William J. Byron

This unusually interesting book delivers on the promise of its subtitle. It tells the truly epic story of labor in America from the early 19th-century textile workers in the nation’s first industrial city, Lowell, Mass., to the November 1999 protests when the World Trade Organization met in Seattle. As Andy Stern, then president of the Service Workers International Union, observed amid the Seattle discontent, “Trade is global, capital is global, and labor too must become global.” But, as the award-winning author and historian Philip Dray asks toward the end of this very long story, “How would one begin to write some sort of global Wagner Act, an international baseline of workers’ rights, let alone enact and enforce it?”

Senator Robert F. Wagner is one of the names Dray lists on the last page of this book by way of rounding up the leading figures in the movement he chronicles so effectively.
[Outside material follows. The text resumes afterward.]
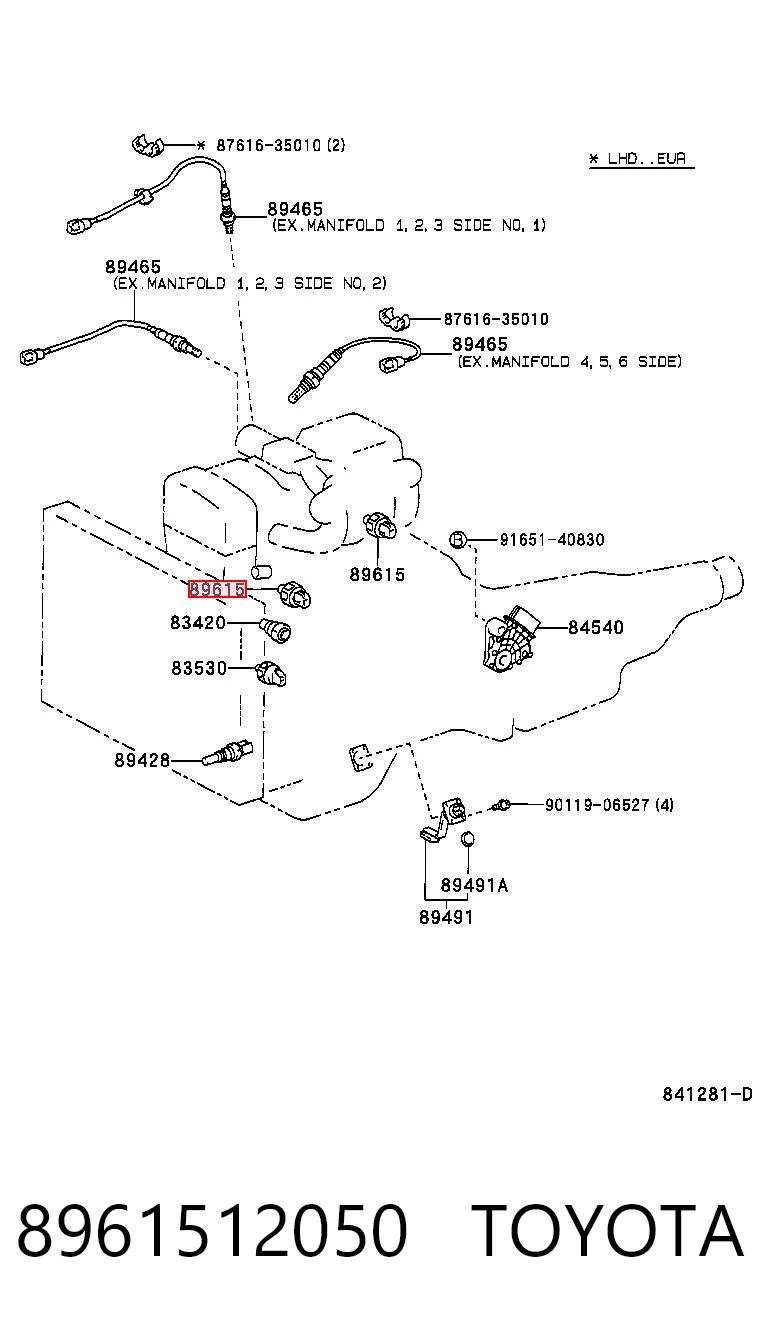 8961512050 Toyota Датчик самовоспламенения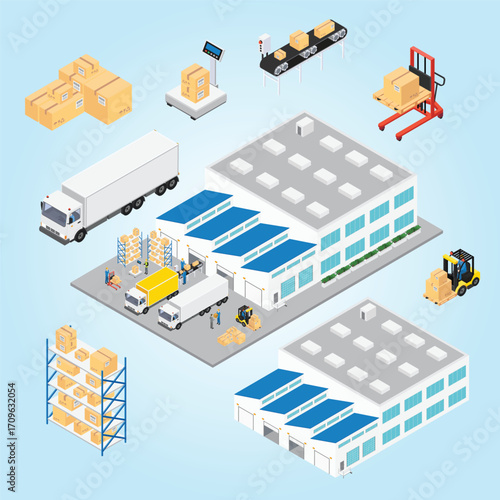 Isometric Logistics Industry Scene with Warehouse, Trucks, and Forklifts Illustration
The list includes Eugene Debs, Mother Jones, Joseph Ettor, John Reed, Big Bill Haywood, Elizabeth Gurley Flynn, Carlo Tresca, Joe Hill, John L. Lewis, Jimmy Hoffa, George Meany and Walter Reuther.
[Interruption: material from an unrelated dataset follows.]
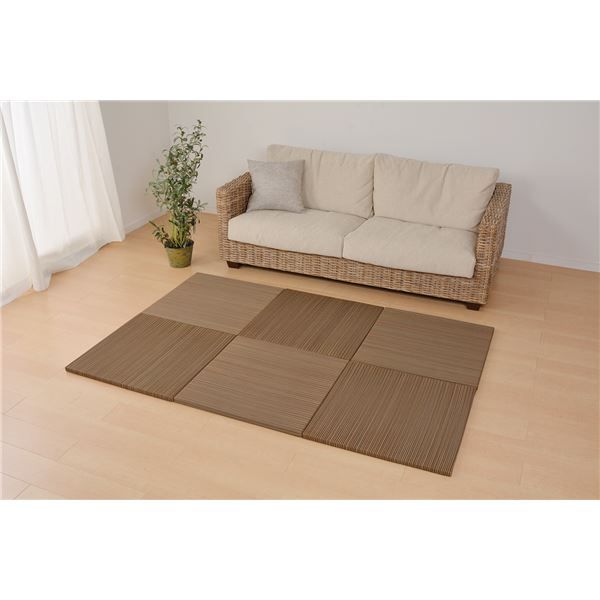 スーパSALE10倍＆4時間限定10％OFF い草 置き畳/ユニット畳 【65×65×2.5cm ブラウン】 抗カビ 消臭 防音 クッション性 軽量 『紗彩 さや』 〔リビング〕【代引NG】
The Molly Maguires and the Haymarket martyrs along with Triangle Shirtwaist and place names like Lynn and Lawrence in Massachusetts, Homestead in Pennsylvania, Pullman in Illinois, Trinidad in Colorado, the New York City waterfront and the farm fields of California also figure prominently in Dray’s narrative.

Franklin D. Roosevelt (whom Saul Alinsky saw as “an aristocrat with an intellectual sympathy for labor”) and his New Deal secretary of labor Frances Perkins (she thought the department should be called the “Department for Labor”) are likewise integral to this history.

An investment of several hours a day for a week or more will reward the interested reader with the context needed to interpret past economic, social and cultural trends in the United States, as well as a useful range finder to view the future. Dray is gentle in posing the challenge. He is not optimistic about the state of organized labor. Nor is he optimistic about the future, although he is an unapologetic admirer of what organized labor has done to protect human dignity and promote justice in the American workplace.

Sobering statistics enliven the record Dray provides. He notes the toll of workplace suffering that “has always been something of a hidden detail of the American work experience.” He cites the years 1880-1910, when as many as 10 thousand to 15 thousand American workers a year died in on-site accidents, not to mention the thousands more who were injured or sickened, mostly in mining and railroad work.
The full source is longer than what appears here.